Fröken Hannsen heeft er meer zo gezien. ‘De directeur spreken?’ helpt ze.

‘Ja.’ Dat is, wat de cliënte wilde. Gek, dat ze 't niet besefte. Nu gaat alles opeens snel. Ze zit in een diepe rose fluwelen crapaud, dichtbij een ronde glazen bus, die van de hooghartige zoldering tot het dikke verende tapijt reikt. Er staan allemaal wonderlijke dingen in. Vooral de middelste plank is prachtig: een pyramide van flesjes en potjes en allerlei voorwerpen, en daar bovenop een reusachtige vlinder met goud-zwart-purpergroene vleugels. Tegen het glas aan is een rand van rode woorden, levend als bloed, met telkens een regelmatige afstand: ‘Le papillon enchanté - Le papillon enchanté - Le papi - - tot zover kun je 't gewoon lezen. En tegen de pyramide leunt een uitdagend kaartje: ‘La beauté à la Mora. Kiss- and waterproof.’

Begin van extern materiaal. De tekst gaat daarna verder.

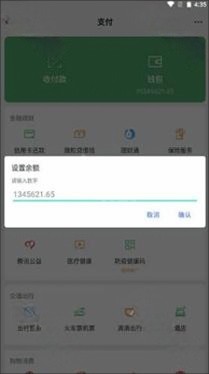 微信模拟器
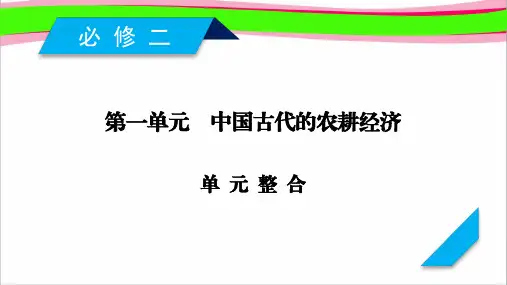 最新历史岳麓版一轮  省一等奖课件：必修  知识点全整合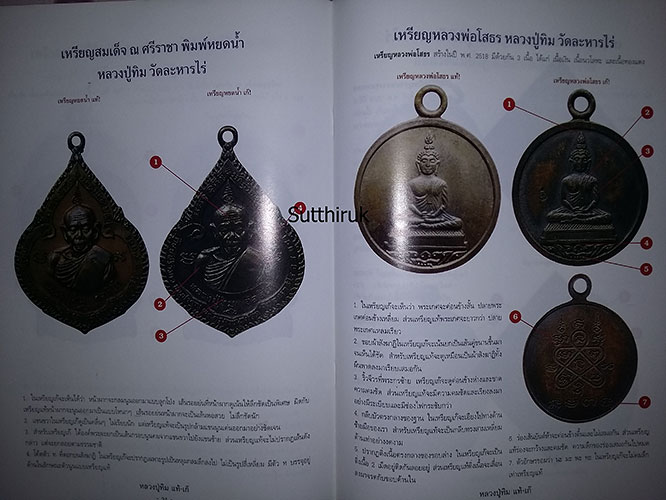 หนังสือ ชี้จุดศึกษาพระ หลวงปู่ทิม วัดละหารไร่ จ.ระยอง แท้-เก๊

Dat laatste schokt Louise een beetje. Ze heeft haar hele leven ver van de liefde gestaan, en die rare brutale woorden winden je gedachten op als een speeldoos.

Doch een felle zoemtoon beteugelt ondeugende wijsjes.

In het aardige glazen kraampje rechts, waarboven grote nikkelen letters achter elkaar marcheren en R.E.C.E.P.-T.I.O.N. zingen, neemt een languissant meisje een zilveren telefoon op en zegt: ‘Hallo, Bella Monica!’ alsof ze 't zelf is. Trouwens, Louise Diller zou 't niet eens gek vinden.

‘Ja, de réception,’ gaat het meisje voort. ‘Verbindt u maar.. Hello.. yes, mylady..? One moment, please.’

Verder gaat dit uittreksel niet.